Both Triplett and Keyser, however, say they were given the choice of either resigning or being fired. Both left the department earlier this fall.


Despite her mention in Keyser and Triplett’s tort claims, Berg was still employed by the department after that claim was filed. On Nov. 17, Boise Police Capt. Matt Jones met with her, according to the claim. Berg told him about the hostile work environment she felt her training officer, Kolos, had created, and she told him about the conversation she had just seen four days before, between Kolos and Stace, her former sergeant, according to the claim. She also told him about the falsification of her training records, the claim reads.

In response, Berg claims, “Jones told her that she would be forced to do another four weeks of prescription, with the last two weeks being a repeat of End Evaluation.”

“Captain Jones relied upon Kolos’ false reporting of her performance,” according to the tort claim. “Berg told Captain Jones that she did not need any additional time if he would look into her (daily training records) and her videos."

In response, he told her it would be insubordination for her to not do what he ordered.

Berg told Jones the information Kolos, her training officer, had relied upon was “untruthful and in violation of policy,” according to the claim.

“Berg was then told she was either going to be terminated for insubordination or she could resign,” according to the claim. “Captains Brian Lee and Matt Jones terminated her on November 18, 2019.”

Filicetti pointed out Wednesday none of the officers with accusations made against them were put on paid leave.

“Typically, when an officer gets an allegation against him or her, they’re put on leave with pay,” he said. “In this situation, no one’s been put on leave with pay.”

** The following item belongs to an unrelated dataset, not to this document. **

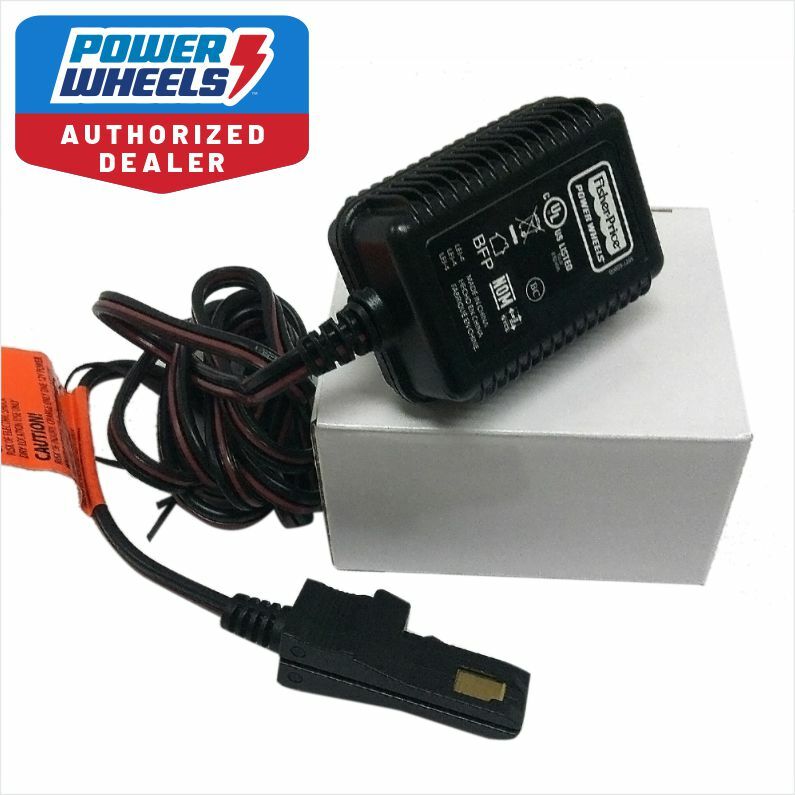 Cbk89 Dune Racer Fisher Price Genuine 12 Volt Charger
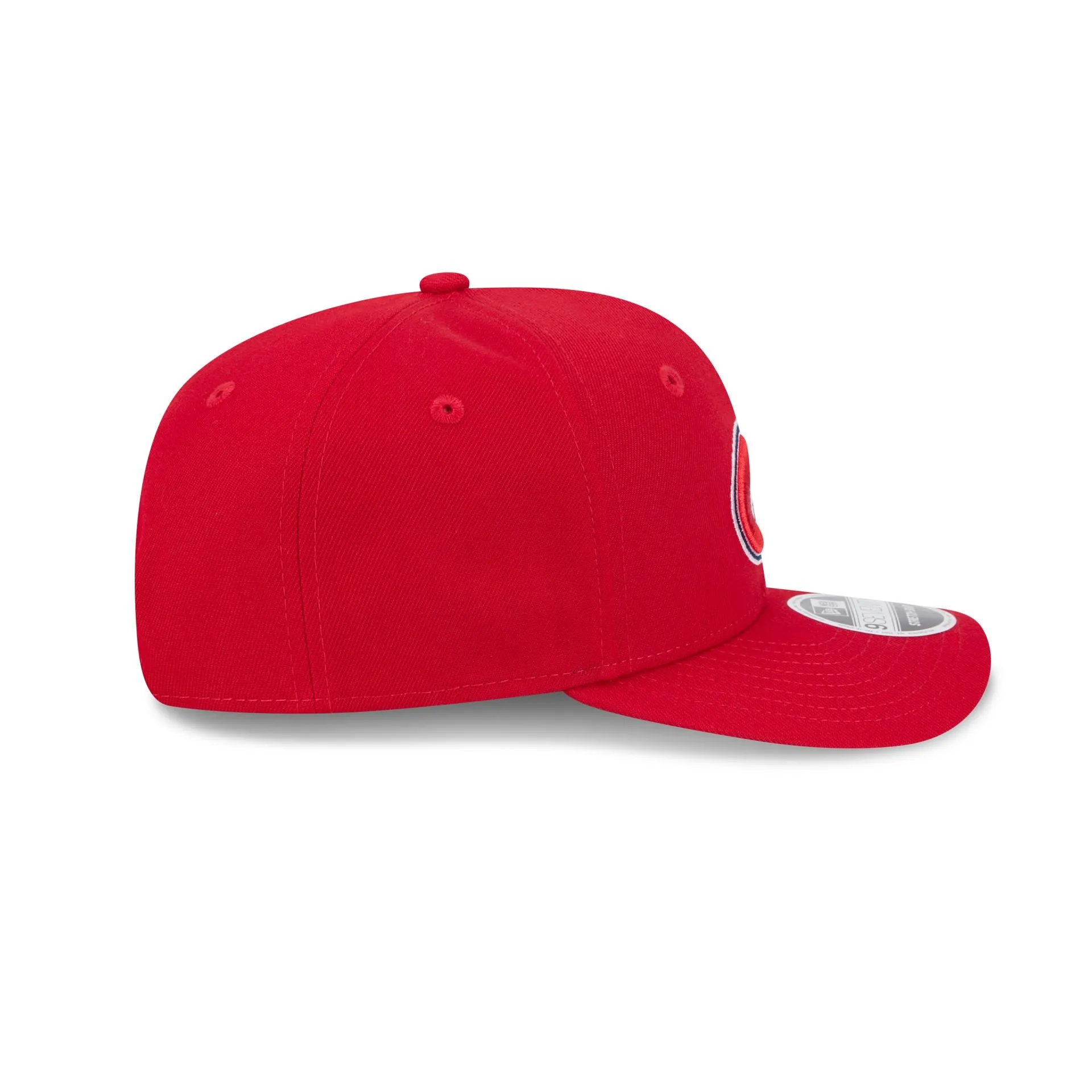 Montreal Canadiens 9SEVENTY Stretch-Snap Hat sold by New Era product image thumbnail 5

Lying has serious consequences for a police officer, Filicetti said. It’s a Brady issue he said, referencing Brady v. Maryland,  a 1963 U.S. Supreme Court decision allowing defense attorneys to bring up in court instances in which an officer has lied in the past. The decision also states they must be given that information ahead of time. 

In her tort claim, Berg has asked for $500,000 in damages, or a sum later to be determined, in addition to attorney’s fees.

Filicetti said he believes the department needs a sweeping change in leadership.

"There needs to be a house cleaning in the Boise Police Department administration," Filicetti said.